*** Supplied entries Section Begins ***

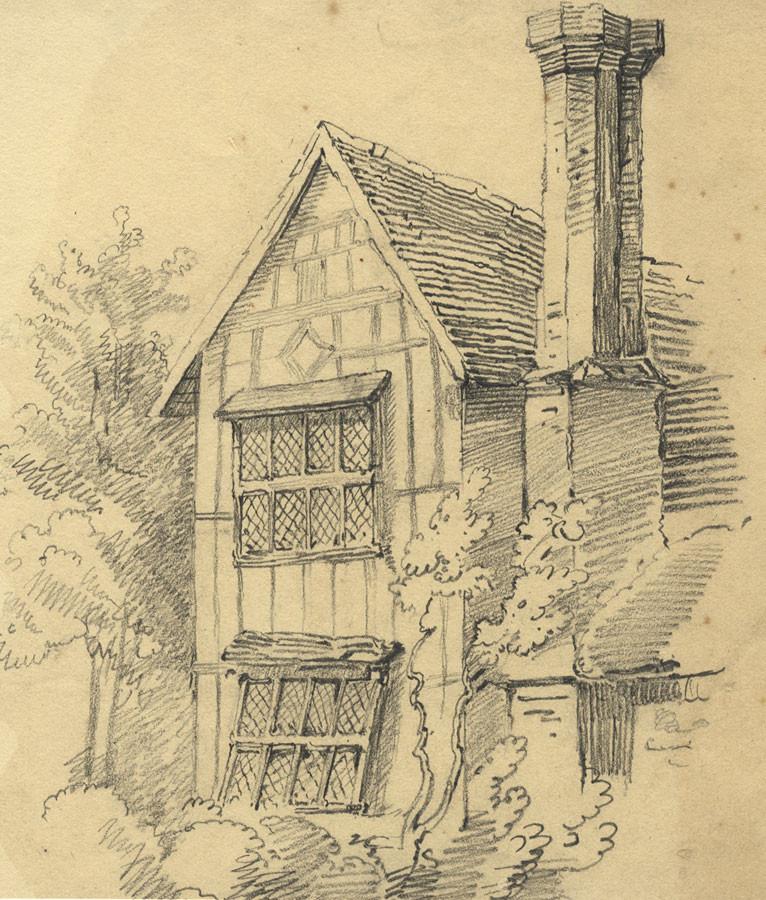766x900 Tudor Cottage Study With Chimney - Chimney Sketch
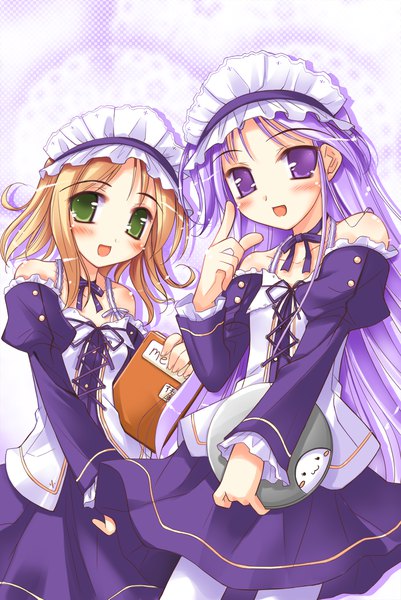 Anime picture 886x1327 with happiness watarase jun kohinata sumomo ko~cha long hair tall image looking at viewer blush fringe short hair open mouth blonde hair smile standing purple eyes bare shoulders holding green eyes purple hair long sleeves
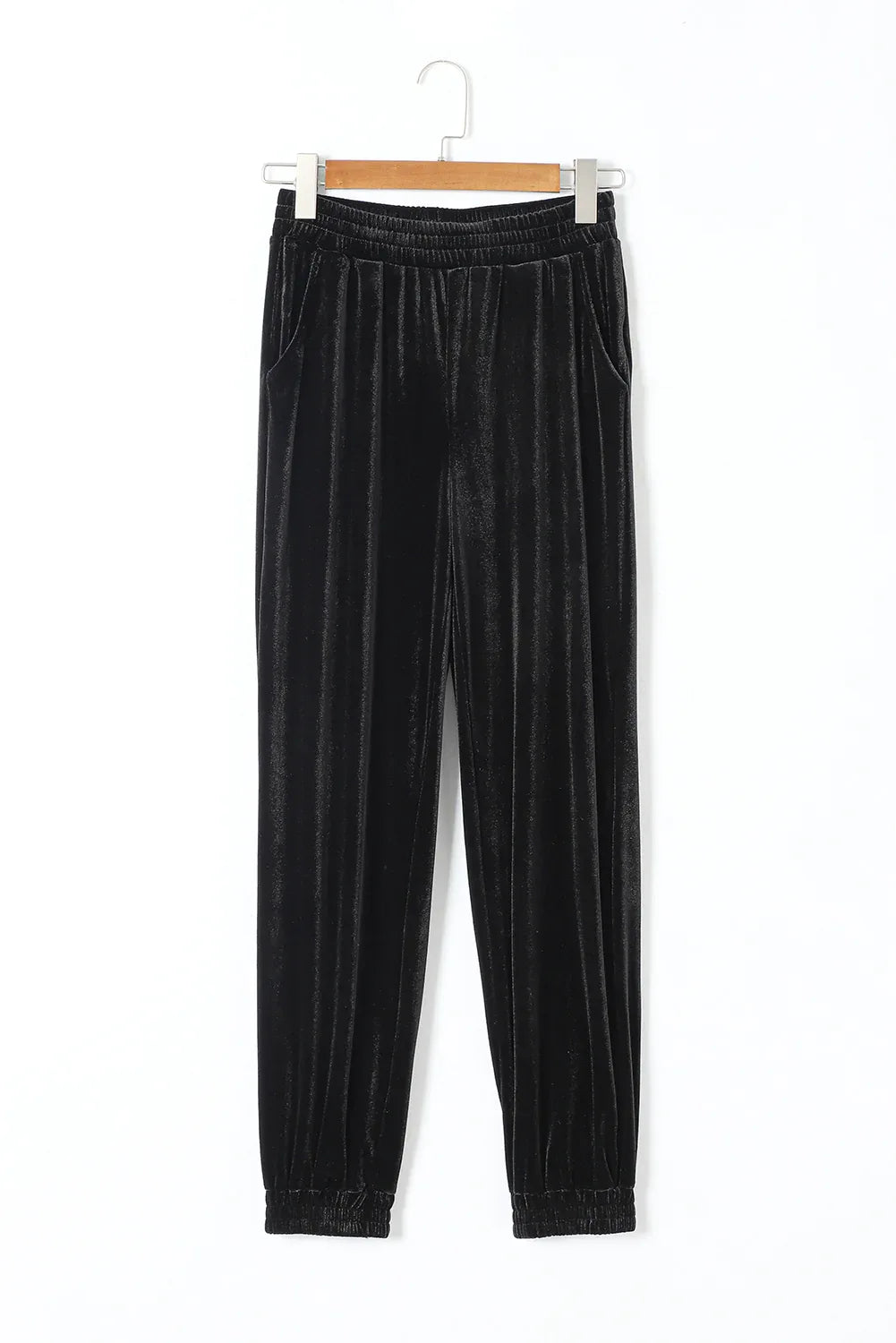 Pantaloni da jogging in velluto nero con tasca vintage - Viva Armonia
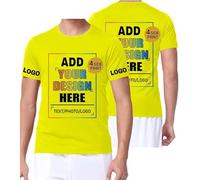 VELQUESSA Personalised T Shirts Bulk Custom Shirts-Design Your Own Printed T-Shirts for Men Women, Add Logo/Photo/Text, Customisable Great Personalised Gifts for Any Occasion Yellow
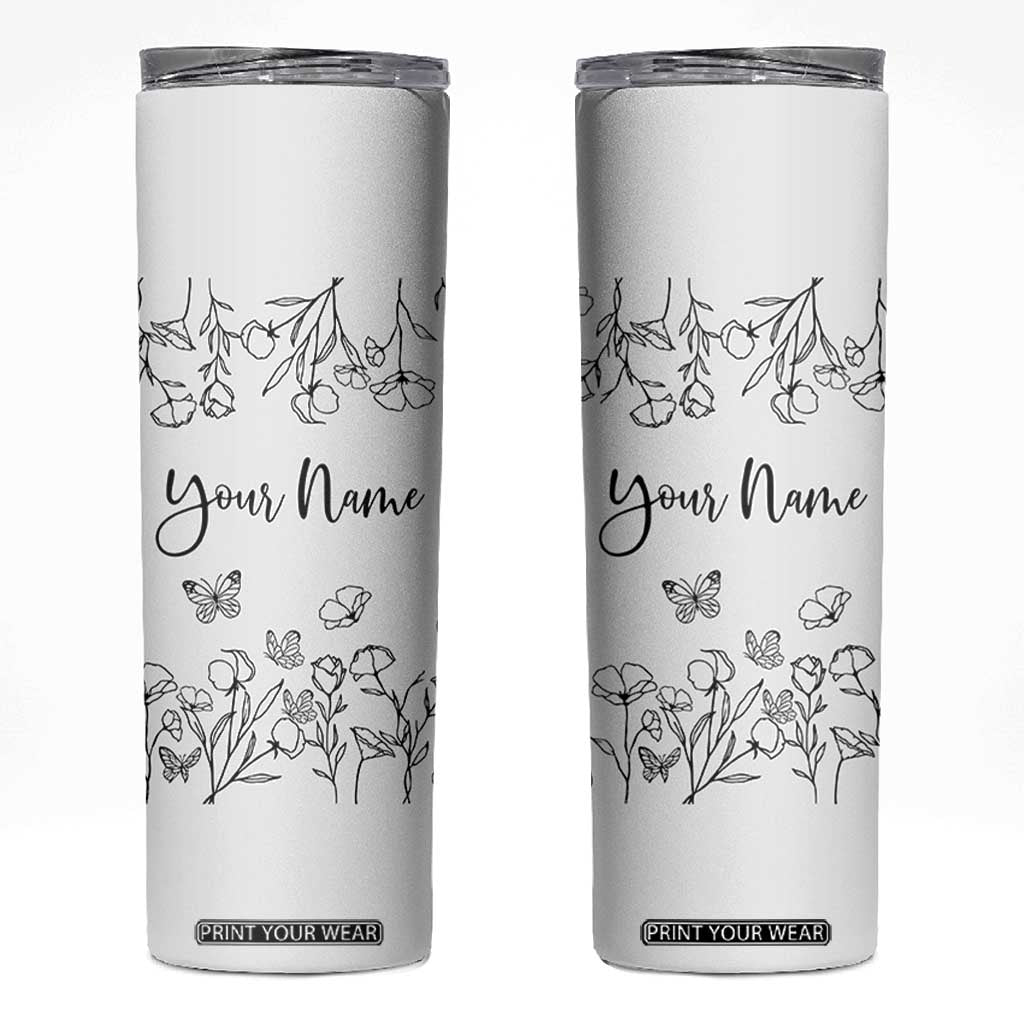 Personalized Wildflower Floral Skinny Tumbler Custom Name Gifts For Her TB10 Cream Print Your Wear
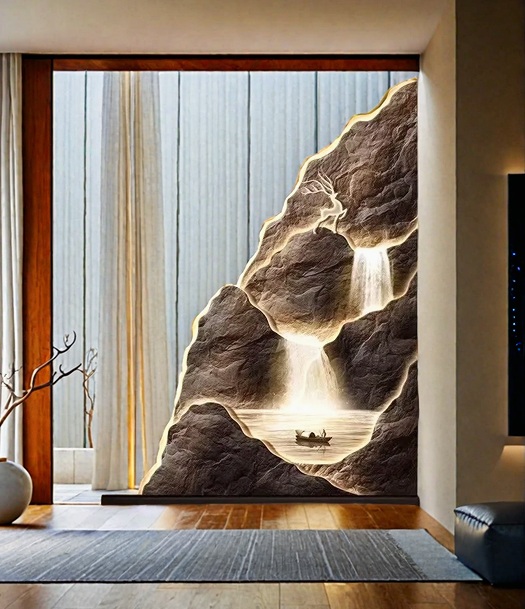 The Mountain Wall Light features illuminated stone with carved waterfalls and a small boat, complemented by landscape lighting. It enhances a room adorned with a rug and floor-to-ceiling window.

*** Supplied entries Section Ends ***

▸ **Exercise instructions**
Your reply should hold every line of the material, unaltered, and not one picture.

▸ **Written reply**
766x900 Tudor Cottage Study With Chimney - Chimney Sketch
 Anime picture 886x1327 with happiness watarase jun kohinata sumomo ko~cha long hair tall image looking at viewer blush fringe short hair open mouth blonde hair smile standing purple eyes bare shoulders holding green eyes purple hair long sleeves
 Pantaloni da jogging in velluto nero con tasca vintage - Viva Armonia
 VELQUESSA Personalised T Shirts Bulk Custom Shirts-Design Your Own Printed T-Shirts for Men Women, Add Logo/Photo/Text, Customisable Great Personalised Gifts for Any Occasion Yellow
 Personalized Wildflower Floral Skinny Tumbler Custom Name Gifts For Her TB10 Cream Print Your Wear
 The Mountain Wall Light features illuminated stone with carved waterfalls and a small boat, complemented by landscape lighting. It enhances a room adorned with a rug and floor-to-ceiling window.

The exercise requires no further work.